そこで、新しいサルを檻にいれ、同数のサルを出し、入れ替える。 新しいサルはバナナを取ろうと試みる。 が、最初からのサルが待ったをかける。 「危険だ。バナナは取れないし木から落ちるぞ」。「そうか、ありがとう。 木に登らずよかった」。 中には、忠告を振り切って登るサルもいる。 が、やはり水をかけられ木から落ちてしまう。それを見ていた他の新参者は当然登らない。 次にまた新しいサルを入れ、古いサルと入れ替える。同様に、忠告がなされ、木に登らない。 このようにしてサルの入れ替えが進み、ある時点では強力な水の噴射を受けて落下したサルもいなければ、実際にその現象を見たことがあるサルもいなくなる。 が、誰も木には登らない。 登ってはいけないと伝えられ、それが当り前となったからだ。 もはや水噴射の機械はとっくに取り除かれているのに…。

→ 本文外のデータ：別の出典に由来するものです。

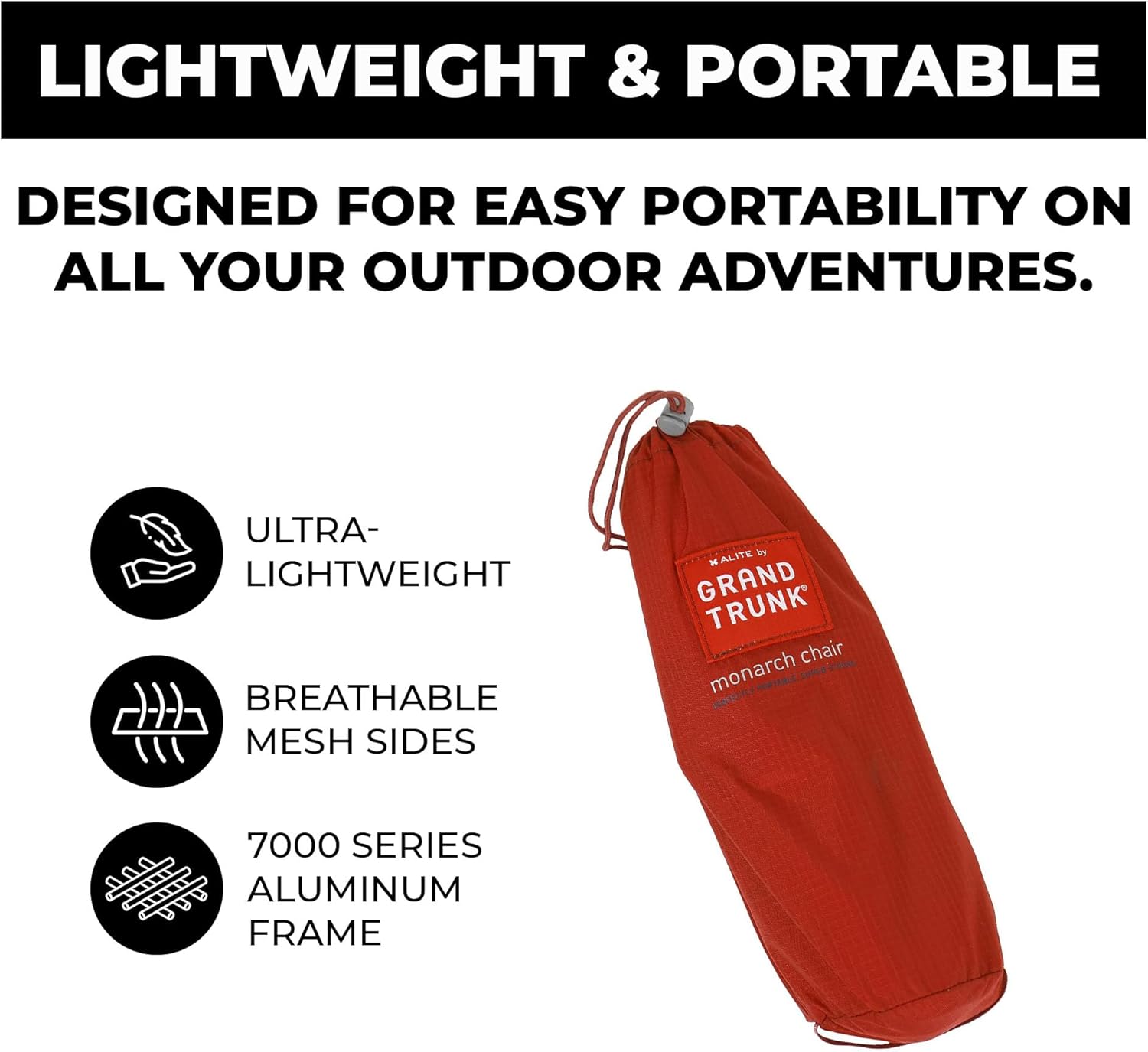 GRAND TRUNK Alite Monarch Chair | Ultra-Lightweight Portable Rocking Camping Chair, 1.3 lbs, Aluminum Frame, Compact Folding Backpacking Chair for Hiking & Beach | Clay Red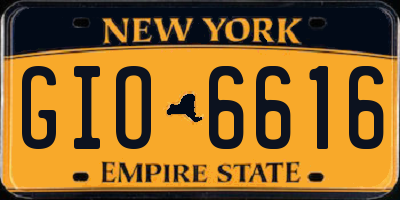 NY license plate GIO6616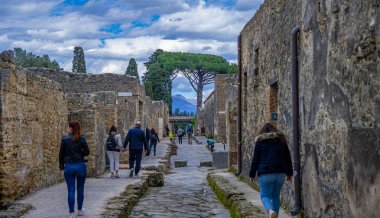 22 Nisan 2022-Pompeii İtalya birçok turist tarafından ziyaret edilen ve birçok kanıtın iyi korunduğu bir yer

「昔からこの値段だ」、「前任者がこういう管理をしている」、「これは2回試験するものだ」、「この報告書フォーマットは書きにくいがこういうものだ」、「この素材は昔から色落ちするものだ。理由は無い」などなど日々のビジネスシーンでも我々がバナナの取れないサルになっていることは多い。 1年の間に、無意識のうちに、意図せずに、そのときのメンバーの思考・行動が自然的に重なり、意図せざる既成を作り出す。その時はベスト、あるいはベターであったかもしれない。 あるいは、何も考えずにとりあえず・昔からそう、が継続されているだけかもしれない。それらを今は改善すべきかもしれない。 ?何もしなくても、は言い過ぎかもしれないが、人口が増え、多くが将来を明るくとらえ、消費欲が強く、競争環境が比較的緩い、市場が拡大していく時代ならいざしらず、それらの真逆の時代に、企業が生き残り・成長していくためには、高効率でスピードあるサービス提供が必須。 本質的に差別化の無いサービス内容では低価格とスピードで差別化するしかない。 このためにも常にサービス提供の仕組みの効率化を目指さなければならない。 効率的だから低価格にでき、効率的だからスピードが高められる。 そして、効率向上に寄与するのが既成を疑う視点だ。
既成を疑うには、汚染されていない部外者・素人が役に立つ。他部署からの領空侵犯のおせっかいな指摘、新規のお客様からのありがたい指摘、弊社の既成に汚染されていない新入社員からの指摘、なぜなぜマインドを持つ個人からの指摘、そして、これらの指摘を吸い上げる組織的取り組み。
お客様により価値あるサービスを提供するためにも、自社の効率化は必至であり、そのためにも既成に囚われない視点を持ちたいところ。 お客さまからの忌憚のない厳しいお言葉が我々の糧となる。